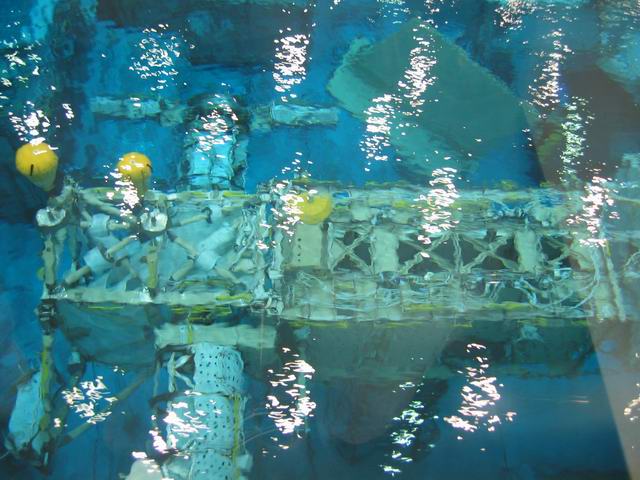 neutral buoyancy lab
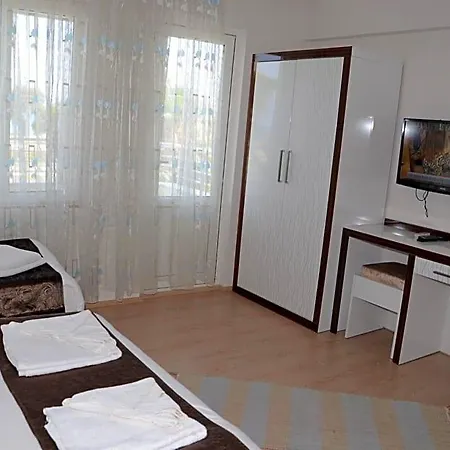 Simsek Hotel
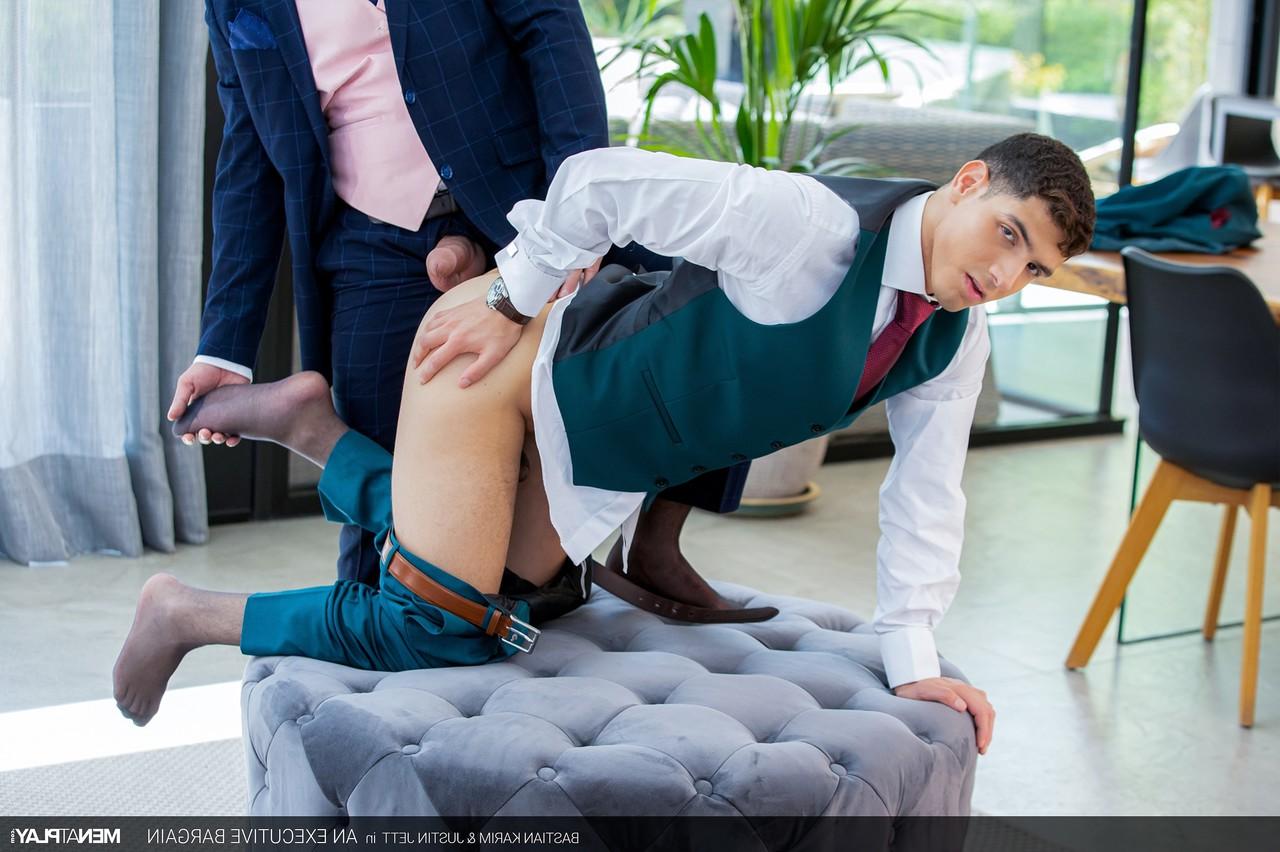 20P O jovem empresário Bastian Karim é fodido pelo urso gay Justin Jett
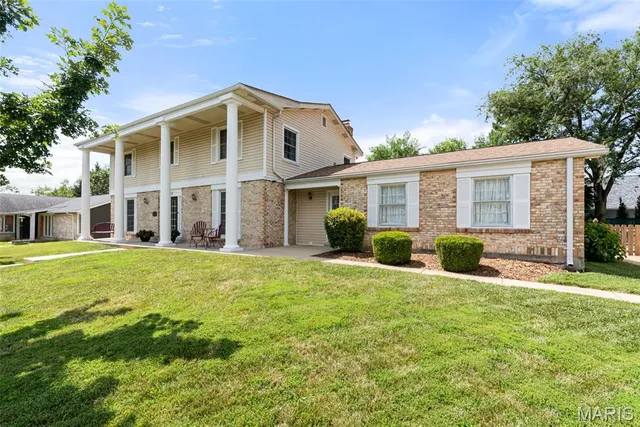 $500,000 | 603 Rue Montand Drive, Ballwin, MO 63011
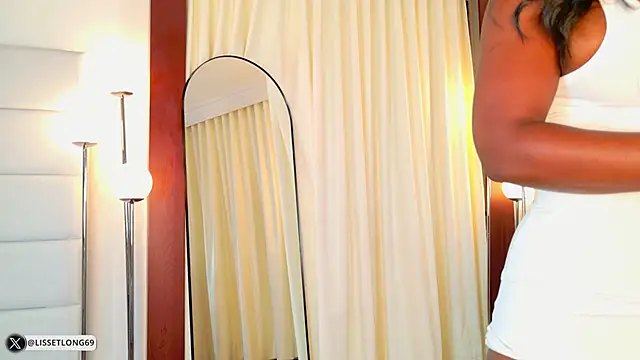 lissetlong69 online show from May 27, 11:24 pm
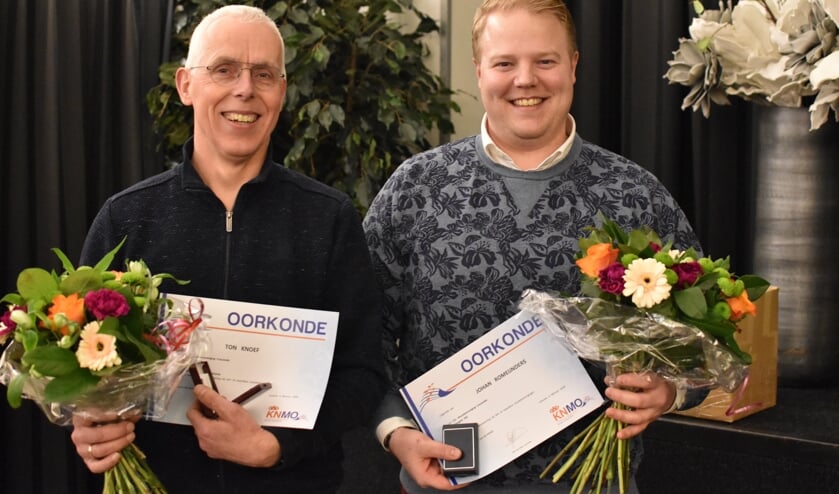 Jubilarissen van Crescendo Hengelo Ton Knoef (l.) en Johan Romeijnders. Foto: Sybren Knoef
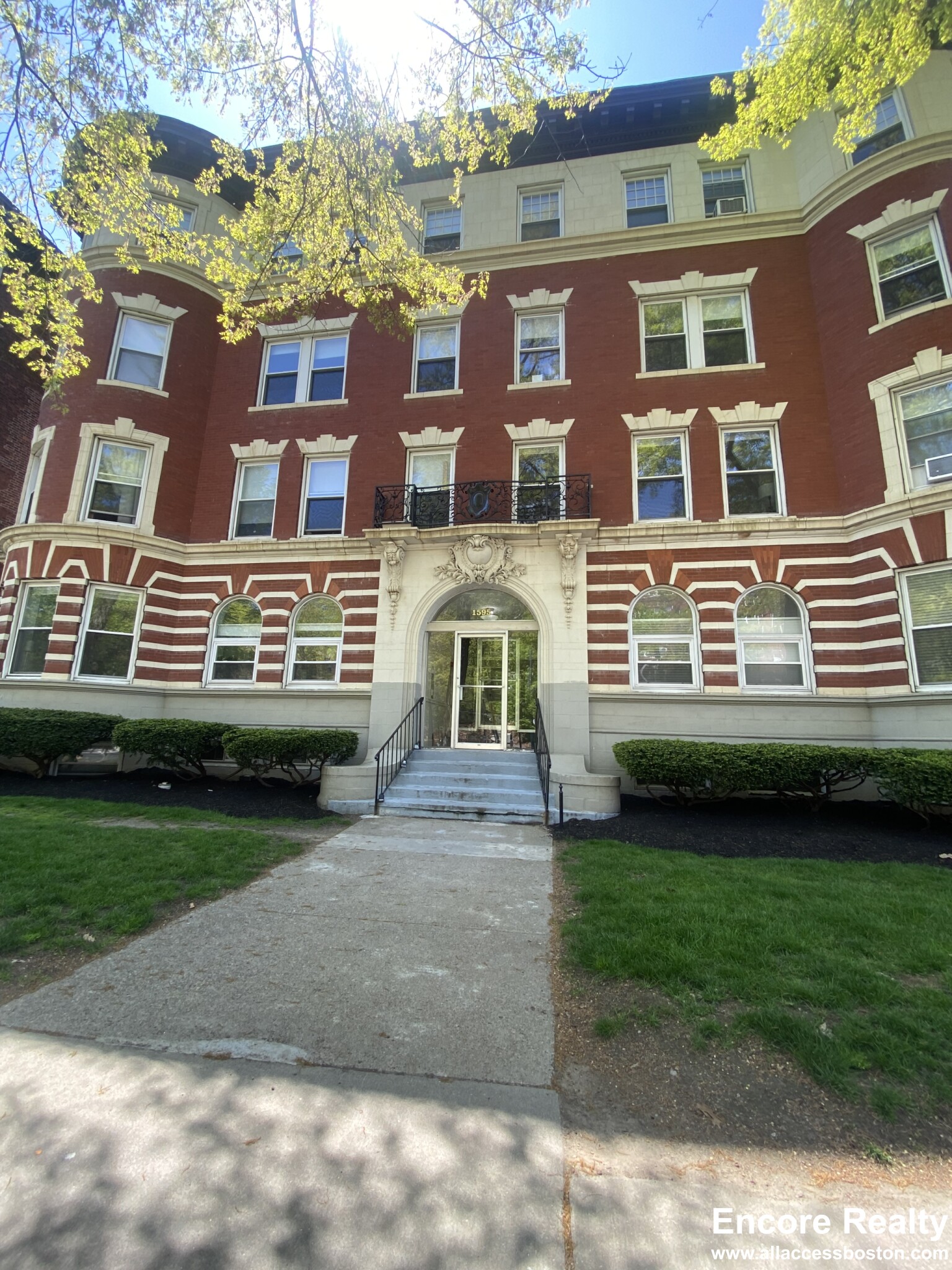 1595 Beacon St, Brookline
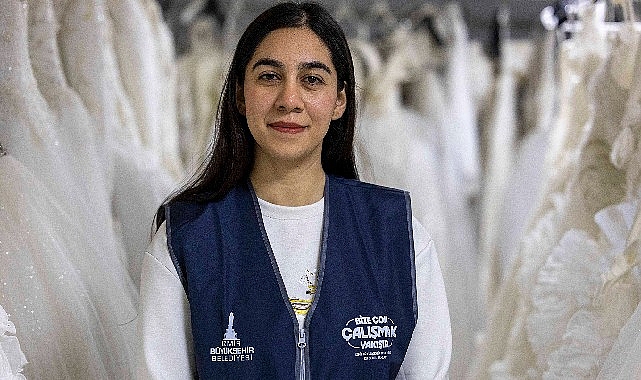 Gelinlik hayali İzmir&rsquo;de &uuml;cretsiz ger&ccedil;ek oluyor
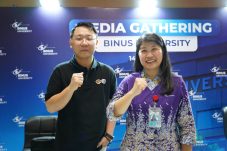 BINUS University: Pendidikan Tinggi yang Adaptif, Kolaboratif, dan Berpengaruh BINUS University: Pendidikan Tinggi yang Adaptif, Kolaboratif, dan Berpengaruh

- _Assignment_:
Repeat each entry exactly. Pictures do not belong in the copy.

- _Task result_:
 neutral buoyancy lab
 Simsek Hotel
 20P O jovem empresário Bastian Karim é fodido pelo urso gay Justin Jett
 $500,000 | 603 Rue Montand Drive, Ballwin, MO 63011
 lissetlong69 online show from May 27, 11:24 pm
 Jubilarissen van Crescendo Hengelo Ton Knoef (l.) en Johan Romeijnders. Foto: Sybren Knoef
 1595 Beacon St, Brookline
 Gelinlik hayali İzmir&rsquo;de &uuml;cretsiz ger&ccedil;ek oluyor
 BINUS University: Pendidikan Tinggi yang Adaptif, Kolaboratif, dan Berpengaruh BINUS University: Pendidikan Tinggi yang Adaptif, Kolaboratif, dan Berpengaruh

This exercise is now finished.